Two PUC administrative law judges, David A. Salapa and Joel H. Cheskis, ultimately made the decision, Maurer said.
PPL had requested to the PUC that it wanted to exercise eminent domain over several properties for a proposed Dalmatia to Richfield 69-kilovolt transmission line project.
“They said in a hearing it was necessary,” Maurer said. “But PPL hadn’t done any repair work on our lines for 15 years, and now they came along and said they (were) needed for the service, accommodation, convenience or safety of the public? I think the judges, who had a year to study the request, saw through that argument — and denied it.”
In the 44-page decision, Salapa and Cheskis wrote: “Need” was not proven, therefore “We recommend ... that PPL’s application be rejected.”

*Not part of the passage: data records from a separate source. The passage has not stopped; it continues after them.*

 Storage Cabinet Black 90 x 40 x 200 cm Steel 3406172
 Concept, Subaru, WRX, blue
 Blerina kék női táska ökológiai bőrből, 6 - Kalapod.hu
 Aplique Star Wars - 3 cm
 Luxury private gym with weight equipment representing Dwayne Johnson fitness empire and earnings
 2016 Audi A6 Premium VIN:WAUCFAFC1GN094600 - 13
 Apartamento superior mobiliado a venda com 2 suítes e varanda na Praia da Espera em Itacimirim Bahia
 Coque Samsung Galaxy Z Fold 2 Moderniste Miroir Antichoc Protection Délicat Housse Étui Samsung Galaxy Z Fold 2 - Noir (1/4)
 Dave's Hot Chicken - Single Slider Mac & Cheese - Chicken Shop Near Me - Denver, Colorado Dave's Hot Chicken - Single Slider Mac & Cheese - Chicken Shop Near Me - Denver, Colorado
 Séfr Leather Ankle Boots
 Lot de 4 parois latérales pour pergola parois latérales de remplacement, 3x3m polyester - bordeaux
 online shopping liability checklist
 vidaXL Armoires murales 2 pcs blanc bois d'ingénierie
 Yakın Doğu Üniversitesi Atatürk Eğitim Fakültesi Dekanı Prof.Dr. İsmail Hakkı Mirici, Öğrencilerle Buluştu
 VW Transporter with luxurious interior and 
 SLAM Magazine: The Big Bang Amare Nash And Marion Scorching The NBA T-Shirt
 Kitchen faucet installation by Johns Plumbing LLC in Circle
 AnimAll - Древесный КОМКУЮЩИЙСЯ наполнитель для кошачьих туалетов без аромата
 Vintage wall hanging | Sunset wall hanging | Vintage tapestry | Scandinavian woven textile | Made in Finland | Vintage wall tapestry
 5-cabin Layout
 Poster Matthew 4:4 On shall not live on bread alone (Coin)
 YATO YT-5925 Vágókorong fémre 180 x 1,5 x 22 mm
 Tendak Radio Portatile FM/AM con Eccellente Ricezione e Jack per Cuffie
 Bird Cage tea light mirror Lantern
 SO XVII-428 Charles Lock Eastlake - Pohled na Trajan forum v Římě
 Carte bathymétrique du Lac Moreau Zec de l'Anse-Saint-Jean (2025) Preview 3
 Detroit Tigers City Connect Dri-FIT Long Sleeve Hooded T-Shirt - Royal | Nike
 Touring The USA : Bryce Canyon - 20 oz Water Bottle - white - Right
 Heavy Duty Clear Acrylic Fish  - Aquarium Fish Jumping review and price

The judges said that it was not necessary to address the route because PPL had not proven need for the project.
PPL plans to contest the judges’ recommendation, Maurer said.
“I’ll probably have to pay to have our lawyers make further arguments and fight PPL again,” he said. “They have a lot of money. And I’ve spent a lot of money on this, and I don’t think I’ll recover any of it, even if we ultimately prevail. But this is not just about me.
“All of the landowners involved here have spent money and time fighting this. But I couldn’t live with myself if I hadn’t done everything I could to stop PPL’s plans for the land. For generations, our ancestors were protectors of their rural farmland and we can do no less.”
After the recommendations went public, Maurer said: “We thank the judges for listening to the community and property owners in this case of eminent domain. We had a lot of community support and encouragement throughout the pats few years. We couldn’t have survived without them.”
Responses to the recommendation are due in writing to the PUC no later than Monday at the PUC, said a PUC spokesman.
Replies to the written responses are due no later than Jan. 24.
Meanwhile, PPL is still urging the PUC to approve its application because, the company says, the project is needed to improve electrical service.
A final ruling will be made this year.
But, even then, the PUC decision can be appealed to the state Commonwealth Court.